Québec a opéré une volte-face aussi rapide que surprenante sur le gaz de schiste. De partisan exubérant, il s'est mué vendredi en gardien du bien commun, laissant même planer la possibilité d'un moratoire...

Ce changement de ton arrive tard, mais il est bienvenu. Déjà que la population a peu confiance en ce gouvernement, elle avait jusqu'ici l'impression de mener un combat contre un triumvirat composé de l'Association gazière, du Parti libéral et du conseil des ministres (incluant le ministre chargé de protéger l'environnement).

Par son enthousiasme débridé, la porte-parole du gouvernement, Nathalie Normandeau, a exacerbé la suspicion, les inquiétudes et la colère... que son équipe tente aujourd'hui de calmer.

Ce virage est-il feint? Peut-être. Mais il n'en est pas moins salutaire, car il impose au gouvernement une plus grande distance avec l'industrie, une meilleure collaboration avec le BAPE et une vigilance accrue des puits d'exploration.
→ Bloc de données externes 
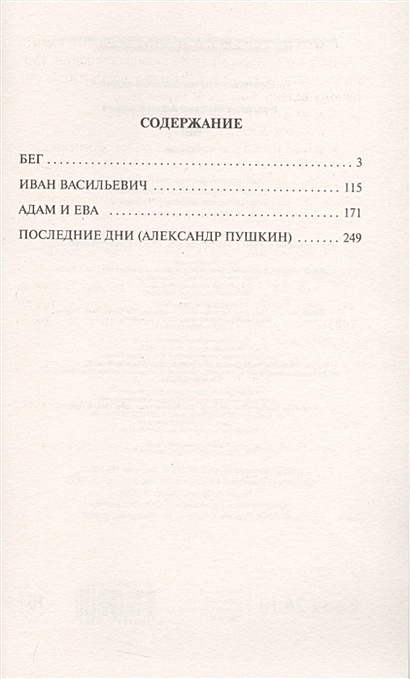 Книга Бег • Михаил Афанасьевич Булгаков – купить книгу по низкой цене ...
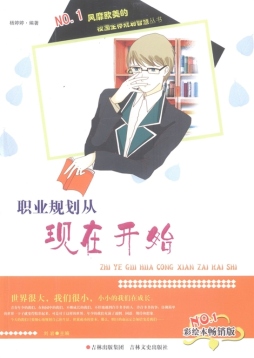 职业规划从现在开始封面图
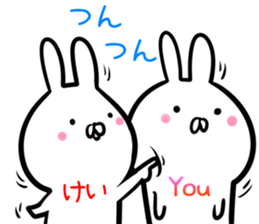 Kei Sticker! sticker #14379360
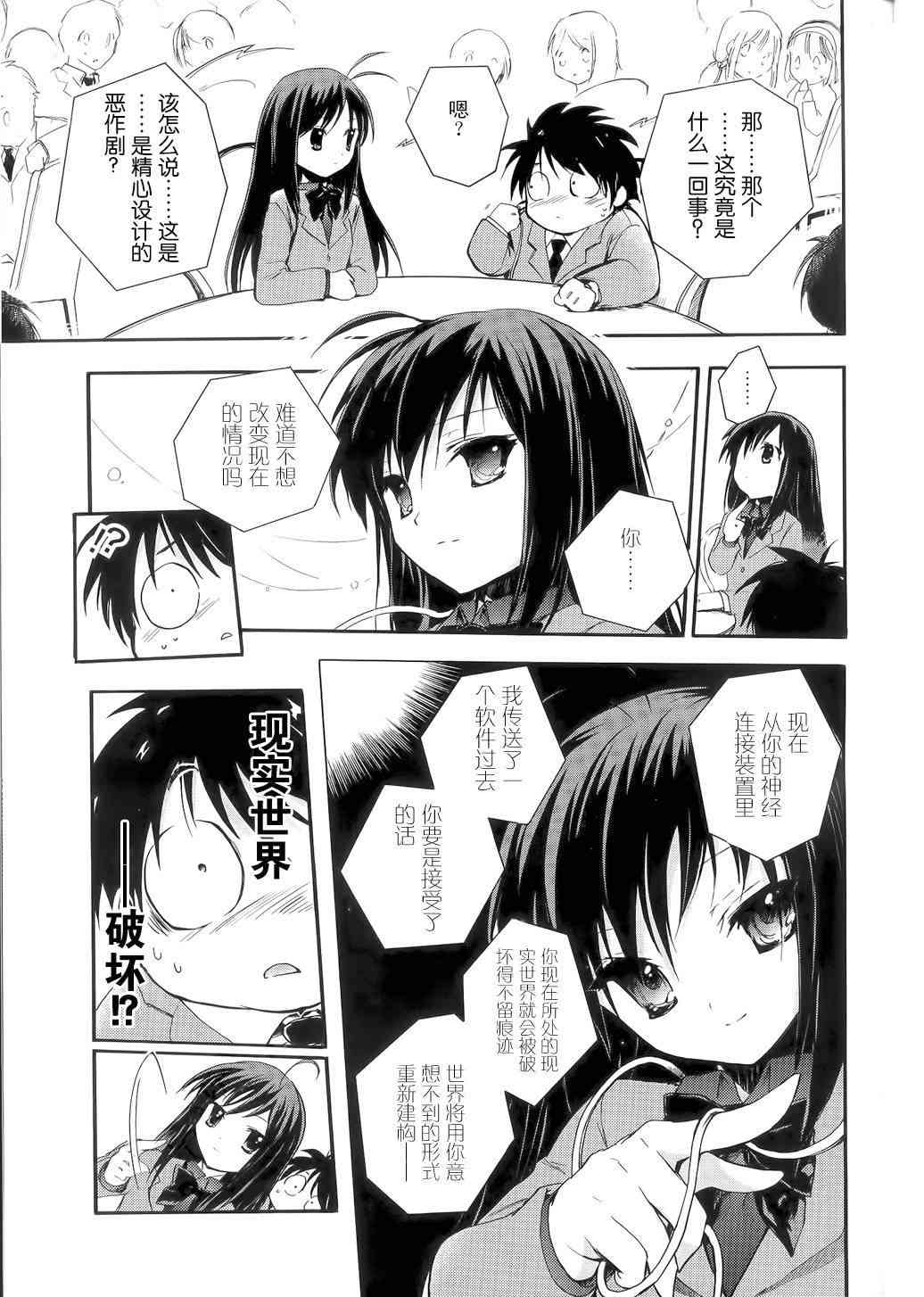 1话35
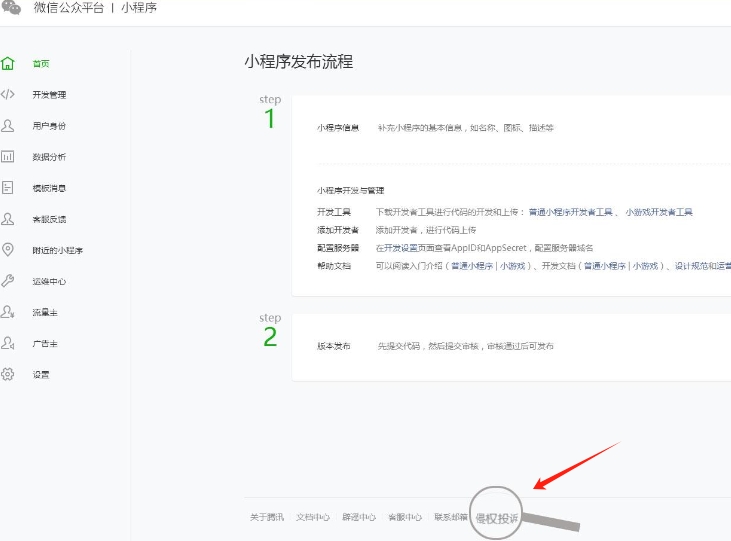 小程序侵權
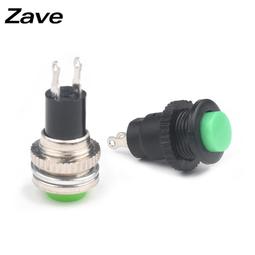 (門鎖) 通開同號 櫃門掛鎖 水果硬幣遊戲機 動漫配件 魚機雙人娃娃遊戲機ㄌ嬄 歷史價格詳細信息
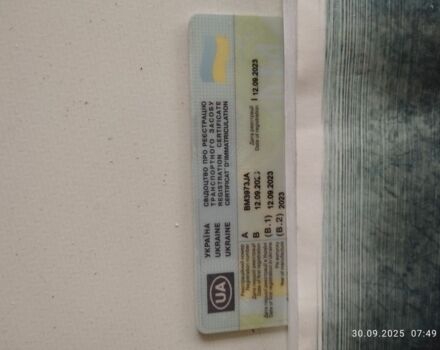 Спарк Інша, об'ємом двигуна 0.11 л та пробігом 0 тис. км за 310 $, фото 1 на Automoto.ua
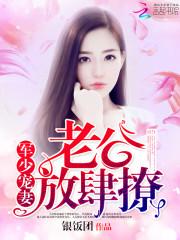 穿越废柴之倾城医女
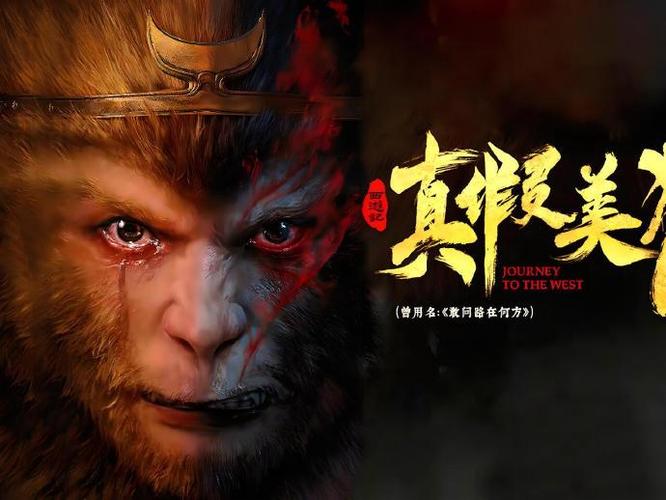 电影《西游记》免费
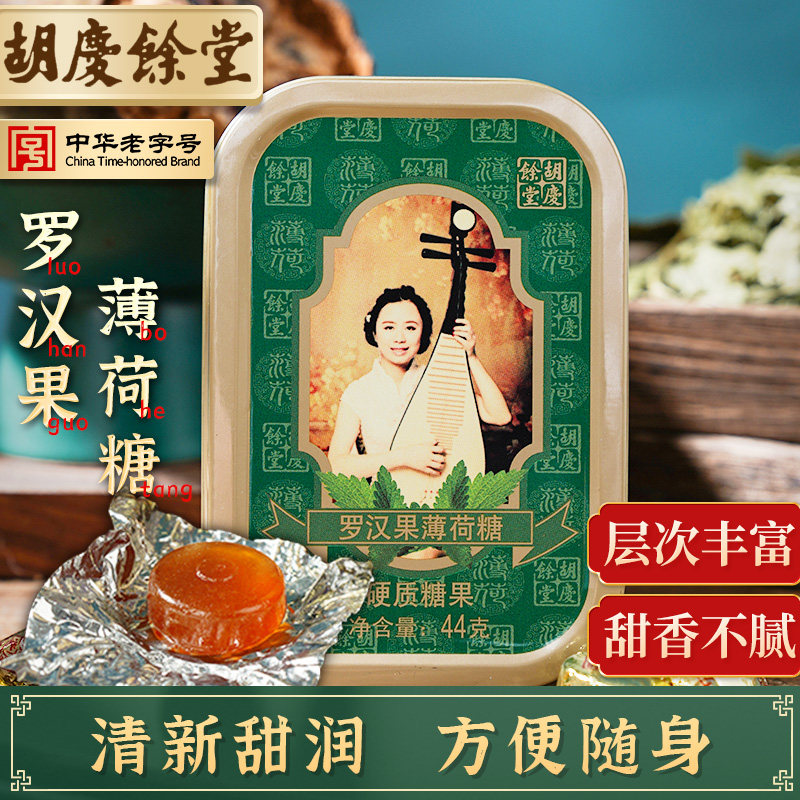 胡庆余堂 罗汉果薄荷糖44克 爽口薄荷糖 清凉小盒装硬质糖果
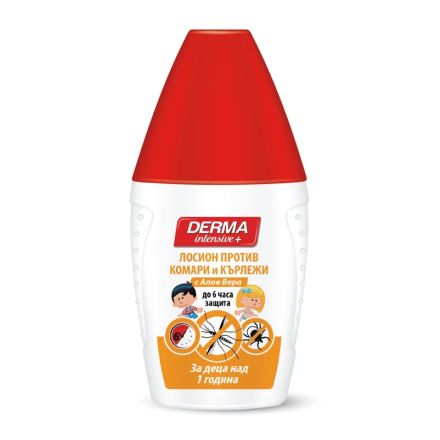 DERMA INTENSIVE+ REPELLENTS FOR KIDS Лосион против комари и кърлежи, 50мл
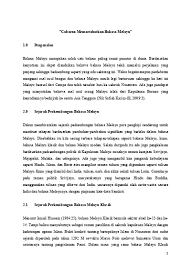 Memartabatkan bahasa melayu (bahasa malaysia) bermaksud meletakkan bahasa melayu pada tempat yang sepatutnya, sesuai dengan kedudukannya sebagai bahasa kebangsaan seperti yang termaktub dalam perkara 152, perlembagaan malaysia. Top Pdf Langkah Memartabatkan Tulisan Jawi 123dok Com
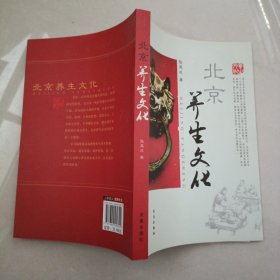 北京养生文化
Sans quoi, les manchettes et témoignages accablants se multiplieront, l'impression de se faire duper se cristallisera et la résistance se durcira.

Cela dit, la tentation d'un moratoire ne nous mènera pas bien loin. Il y a déjà un moratoire de facto sur l'exploitation commerciale, qui n'est pas prévue avant 2014. Et en imposer un sur l'exploration serait contre-productif.

En fait, un moratoire sur l'exploration rendrait le débat public tout à fait surréaliste. Comment discuter de l'exploitation d'une source d'énergie dont le potentiel d'extraction en sol québécois n'a même pas été confirmé?

Enlevons-nous de la tête que la trentaine de puits forés à ce jour servent à enrichir des compagnies étrangères. Elles servent plutôt à tester le terrain. Ce qui profite à tout le monde: à l'industrie en lui permettant de déterminer la quantité de gaz recouvrable, au gouvernement en l'aidant à préciser la réglementation et ses méthodes d'inspection, et aux citoyens en les éveillant aux impacts réels des forages.

Prenons l'exemple des émanations fugitives s'échappant de 19 puits. Si ces fuites sont sans grandes conséquences, leur simple existence, sur un modeste parc de 31 puits, est en revanche fort révélatrice.

D'ailleurs, c'est ce problème qui a permis au ministre Pierre Arcand de conclure que l'industrie «semble avoir perdu le contrôle». Et c'est ce problème qui donne aux groupes de pression une première preuve, locale et tangible, des risques qu'entraîne l'exploitation à grande échelle.

En fait, c'est en partie grâce aux puits exploratoires, qu'il faut voir comme autant de projets pilotes, que l'on saura s'il vaut la peine d'aller de l'avant, si les craintes exprimées sont fondées ou si le gouvernement va trop vite. Quand s'ajoutera le rapport du BAPE, dans un mois, on pourra enfin discuter en relative connaissance de causes, plutôt qu'à partir de documentaires étrangers réalisés par des inconnus.

D'ici là, le gouvernement se doit d'être aussi méfiant qu'il prétend désormais être.